The double-hardening constitutive model includes two hardening parameters, plastic volumetric strain and plastic shear strain, and its yield function is:

$${f}^{f}=\frac{{\sigma }_{m}^{f}}{1-{({\eta }^{f}/\alpha )}^{n}}-H$$
(72)
$$\alpha ={\alpha }_{m}\left[1.0-{c}_{1}exp\left({\varepsilon }_{s}^{fp}/{c}_{2}\right)\right]$$
(73)
$$H={p}_{0}exp\left(\beta {\varepsilon }_{v}^{fp}\right)$$
(74)

where:

$${\eta }^{f}=\frac{{\sigma }_{s}^{f}}{{\sigma }_{m}^{f}}$$
(75)
$$\beta =\frac{1+{e}_{0}}{\lambda {\prime}-{\rm K}}$$
(76)

In order to better reflect the deformation characteristics of frictional elements, the non-associated flow law is adopted, that is, the yield function and the plastic potential function are the same.
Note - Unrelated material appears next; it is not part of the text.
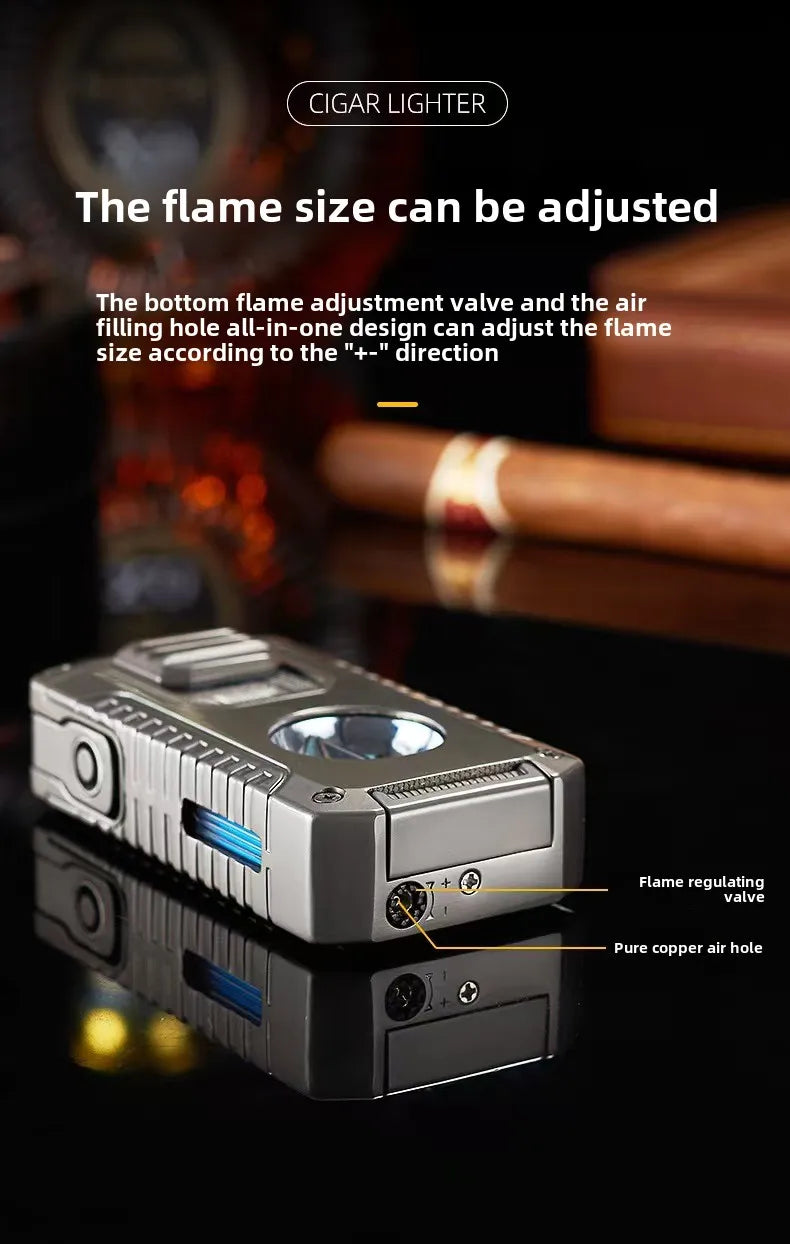 Deluxe Triple-Flame Cigar Lighter with Cutter & Holder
The plastic potential function is:

$${g}^{f}=\frac{{\sigma }_{m}^{f}}{1-{({\eta }^{f}/\alpha )}^{{n}_{1}}}-H$$
(77)

According to the flow rule:

$${d\varepsilon }_{v}^{fp}=d\Lambda \frac{\partial {g}^{f}}{\partial {\sigma }_{m}^{f}}$$
(78)
$${d\varepsilon }_{s}^{fp}=d\Lambda \frac{\partial {g}^{f}}{\partial {\sigma }_{s}^{f}}$$
(79)

in which \(d\Lambda >0\).

The consistency condition is applied Eq. (72), i.e.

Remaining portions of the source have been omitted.